They are rather those who have arrived at a fundamental vision of reality
about life with God, who have enormous power, freedom, and energy
to live out that vision. ‘Fear of God’ is liberating and not restrictive,
because it gives confidence about the true shape of the world.
—Walter Brueggemann[9]

§  §  §

        The wreckage wrought by human behavior is real; but the future is not thereby fated. Mercy opens a portal to repentance, a repentance signified not so much as creedal precision, or ritual purity, or counting spiritual calories, as by the hard work of repairing the damage done by our disordered desires.
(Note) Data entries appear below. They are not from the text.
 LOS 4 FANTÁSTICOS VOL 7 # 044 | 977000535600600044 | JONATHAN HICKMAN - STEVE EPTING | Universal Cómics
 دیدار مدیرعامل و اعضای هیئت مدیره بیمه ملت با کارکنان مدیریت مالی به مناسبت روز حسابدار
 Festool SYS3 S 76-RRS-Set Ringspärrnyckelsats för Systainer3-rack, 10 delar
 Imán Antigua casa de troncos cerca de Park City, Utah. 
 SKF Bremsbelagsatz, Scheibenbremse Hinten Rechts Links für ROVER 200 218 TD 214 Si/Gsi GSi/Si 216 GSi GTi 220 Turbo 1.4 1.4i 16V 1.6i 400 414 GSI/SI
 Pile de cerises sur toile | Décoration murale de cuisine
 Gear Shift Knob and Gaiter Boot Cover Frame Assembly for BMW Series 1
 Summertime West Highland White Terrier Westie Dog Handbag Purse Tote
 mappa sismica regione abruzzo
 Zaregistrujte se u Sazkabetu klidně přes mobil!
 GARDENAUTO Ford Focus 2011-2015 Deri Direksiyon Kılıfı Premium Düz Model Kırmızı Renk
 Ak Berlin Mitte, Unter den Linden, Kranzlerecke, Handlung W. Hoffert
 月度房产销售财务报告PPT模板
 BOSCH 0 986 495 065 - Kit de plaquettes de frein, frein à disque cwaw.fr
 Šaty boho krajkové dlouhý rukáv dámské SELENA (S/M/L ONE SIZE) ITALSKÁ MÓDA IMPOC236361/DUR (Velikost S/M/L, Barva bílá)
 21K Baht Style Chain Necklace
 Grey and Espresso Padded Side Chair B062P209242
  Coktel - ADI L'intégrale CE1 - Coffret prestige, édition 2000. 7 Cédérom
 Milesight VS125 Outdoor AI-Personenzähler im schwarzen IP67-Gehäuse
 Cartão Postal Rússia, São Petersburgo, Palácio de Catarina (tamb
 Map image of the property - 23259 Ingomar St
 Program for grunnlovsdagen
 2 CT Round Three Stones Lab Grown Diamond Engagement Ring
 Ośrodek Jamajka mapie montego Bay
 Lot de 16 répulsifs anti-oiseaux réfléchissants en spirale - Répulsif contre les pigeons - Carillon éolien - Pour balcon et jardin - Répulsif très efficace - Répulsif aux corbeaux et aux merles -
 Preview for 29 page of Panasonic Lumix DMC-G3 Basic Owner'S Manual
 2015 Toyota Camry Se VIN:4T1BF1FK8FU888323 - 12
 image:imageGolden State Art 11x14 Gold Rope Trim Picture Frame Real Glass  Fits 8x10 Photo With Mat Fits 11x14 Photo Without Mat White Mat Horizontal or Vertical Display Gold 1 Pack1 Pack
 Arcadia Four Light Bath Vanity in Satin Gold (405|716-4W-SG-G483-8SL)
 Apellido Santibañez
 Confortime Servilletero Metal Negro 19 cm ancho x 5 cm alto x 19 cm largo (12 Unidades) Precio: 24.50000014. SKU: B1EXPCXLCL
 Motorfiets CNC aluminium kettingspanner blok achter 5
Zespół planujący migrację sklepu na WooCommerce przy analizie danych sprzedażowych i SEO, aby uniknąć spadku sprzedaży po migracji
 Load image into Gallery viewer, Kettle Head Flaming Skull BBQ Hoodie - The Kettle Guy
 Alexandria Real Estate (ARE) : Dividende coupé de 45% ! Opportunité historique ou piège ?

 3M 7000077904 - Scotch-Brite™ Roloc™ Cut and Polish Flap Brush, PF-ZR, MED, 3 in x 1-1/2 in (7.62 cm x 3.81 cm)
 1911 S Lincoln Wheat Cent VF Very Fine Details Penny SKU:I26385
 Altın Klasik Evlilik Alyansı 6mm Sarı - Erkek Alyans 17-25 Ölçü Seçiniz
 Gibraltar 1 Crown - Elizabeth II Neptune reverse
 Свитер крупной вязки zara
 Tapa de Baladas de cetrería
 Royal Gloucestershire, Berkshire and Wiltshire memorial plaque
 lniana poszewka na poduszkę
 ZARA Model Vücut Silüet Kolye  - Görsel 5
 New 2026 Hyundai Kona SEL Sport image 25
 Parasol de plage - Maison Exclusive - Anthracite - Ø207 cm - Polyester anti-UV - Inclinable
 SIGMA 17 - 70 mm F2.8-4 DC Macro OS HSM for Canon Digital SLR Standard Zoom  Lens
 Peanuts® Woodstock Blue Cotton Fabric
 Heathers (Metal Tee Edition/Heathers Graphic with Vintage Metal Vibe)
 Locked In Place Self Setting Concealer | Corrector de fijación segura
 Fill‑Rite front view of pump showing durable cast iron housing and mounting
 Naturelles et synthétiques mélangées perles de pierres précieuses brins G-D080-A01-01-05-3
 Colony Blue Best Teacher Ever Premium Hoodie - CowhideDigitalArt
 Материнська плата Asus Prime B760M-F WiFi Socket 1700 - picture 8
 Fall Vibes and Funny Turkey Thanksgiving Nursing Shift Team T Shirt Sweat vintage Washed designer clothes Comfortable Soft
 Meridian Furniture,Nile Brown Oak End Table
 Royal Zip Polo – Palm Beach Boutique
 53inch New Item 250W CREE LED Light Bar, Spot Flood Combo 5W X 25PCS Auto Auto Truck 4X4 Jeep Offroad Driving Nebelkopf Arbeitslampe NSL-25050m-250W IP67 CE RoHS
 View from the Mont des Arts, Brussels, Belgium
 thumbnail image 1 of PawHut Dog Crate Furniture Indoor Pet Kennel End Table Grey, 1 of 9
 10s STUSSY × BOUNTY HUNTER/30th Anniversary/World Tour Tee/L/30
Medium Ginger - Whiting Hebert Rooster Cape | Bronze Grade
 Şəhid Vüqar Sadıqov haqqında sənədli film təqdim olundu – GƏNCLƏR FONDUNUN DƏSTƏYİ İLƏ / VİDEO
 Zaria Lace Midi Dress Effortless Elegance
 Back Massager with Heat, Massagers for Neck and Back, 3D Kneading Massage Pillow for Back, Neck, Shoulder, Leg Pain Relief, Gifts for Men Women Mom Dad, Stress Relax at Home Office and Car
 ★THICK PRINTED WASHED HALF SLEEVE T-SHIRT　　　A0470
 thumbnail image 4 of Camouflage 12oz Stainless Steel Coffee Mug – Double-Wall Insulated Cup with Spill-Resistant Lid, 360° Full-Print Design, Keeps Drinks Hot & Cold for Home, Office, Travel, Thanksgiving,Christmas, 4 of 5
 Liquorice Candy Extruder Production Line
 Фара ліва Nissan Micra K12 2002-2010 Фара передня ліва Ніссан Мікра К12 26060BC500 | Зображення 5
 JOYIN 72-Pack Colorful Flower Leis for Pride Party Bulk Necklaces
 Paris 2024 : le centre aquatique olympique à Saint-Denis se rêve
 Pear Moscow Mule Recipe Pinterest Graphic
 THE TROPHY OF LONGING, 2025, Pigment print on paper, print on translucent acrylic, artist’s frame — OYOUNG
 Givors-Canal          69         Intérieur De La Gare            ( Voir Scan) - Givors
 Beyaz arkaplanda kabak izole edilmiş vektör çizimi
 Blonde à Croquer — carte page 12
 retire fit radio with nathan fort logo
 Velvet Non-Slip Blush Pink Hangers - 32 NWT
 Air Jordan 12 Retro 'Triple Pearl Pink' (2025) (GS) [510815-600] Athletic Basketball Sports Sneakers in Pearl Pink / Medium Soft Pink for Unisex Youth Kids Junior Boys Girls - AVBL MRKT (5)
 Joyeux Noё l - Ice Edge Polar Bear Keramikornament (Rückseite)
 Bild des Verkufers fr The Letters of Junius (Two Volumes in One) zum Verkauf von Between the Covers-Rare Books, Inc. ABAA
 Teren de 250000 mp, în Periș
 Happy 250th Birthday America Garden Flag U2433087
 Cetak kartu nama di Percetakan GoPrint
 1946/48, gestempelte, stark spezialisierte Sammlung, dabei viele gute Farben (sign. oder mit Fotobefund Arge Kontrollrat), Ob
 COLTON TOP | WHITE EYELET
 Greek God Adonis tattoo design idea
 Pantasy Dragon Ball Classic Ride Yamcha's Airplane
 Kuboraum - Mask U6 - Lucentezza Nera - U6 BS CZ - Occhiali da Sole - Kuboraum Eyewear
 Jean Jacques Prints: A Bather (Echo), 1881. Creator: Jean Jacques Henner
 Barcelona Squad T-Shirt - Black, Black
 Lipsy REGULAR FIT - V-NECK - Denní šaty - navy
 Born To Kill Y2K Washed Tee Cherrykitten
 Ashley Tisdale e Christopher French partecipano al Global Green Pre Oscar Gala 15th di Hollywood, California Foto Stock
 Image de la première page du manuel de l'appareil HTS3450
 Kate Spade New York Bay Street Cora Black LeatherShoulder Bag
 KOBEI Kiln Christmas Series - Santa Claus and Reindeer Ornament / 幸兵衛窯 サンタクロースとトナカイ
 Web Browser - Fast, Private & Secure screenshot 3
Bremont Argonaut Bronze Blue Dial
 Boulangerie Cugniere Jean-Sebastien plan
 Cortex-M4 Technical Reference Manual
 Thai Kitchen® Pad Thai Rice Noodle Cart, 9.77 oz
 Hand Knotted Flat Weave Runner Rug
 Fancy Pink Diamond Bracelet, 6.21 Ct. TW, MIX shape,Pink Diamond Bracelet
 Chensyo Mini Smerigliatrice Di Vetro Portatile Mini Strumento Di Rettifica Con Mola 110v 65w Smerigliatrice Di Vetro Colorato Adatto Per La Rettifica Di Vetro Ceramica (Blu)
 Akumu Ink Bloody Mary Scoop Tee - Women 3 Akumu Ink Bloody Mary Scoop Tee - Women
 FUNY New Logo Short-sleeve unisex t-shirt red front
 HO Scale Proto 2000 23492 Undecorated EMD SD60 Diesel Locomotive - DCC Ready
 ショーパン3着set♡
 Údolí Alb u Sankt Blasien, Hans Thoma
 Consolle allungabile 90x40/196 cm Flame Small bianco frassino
        Repentance is not about you or me. It is about a world created in delight, maintained by the prerogative of divine mercy, and destined for deliverance from its agony—though not by dread’s might, nor by fear’s fright, but by my spirit says the Blessed One (cf. Zechariah 4:6).

        The longing for vengeance, which we all feel when violated in ways large and small, is rooted in the demands of justice. But retaliation almost always escalates the cycle of violence, until it becomes self-perpetuating: an eye not just for an eye, but for a piece of scalp, too, and on and on until the whole world is not simply blinded but obliterated.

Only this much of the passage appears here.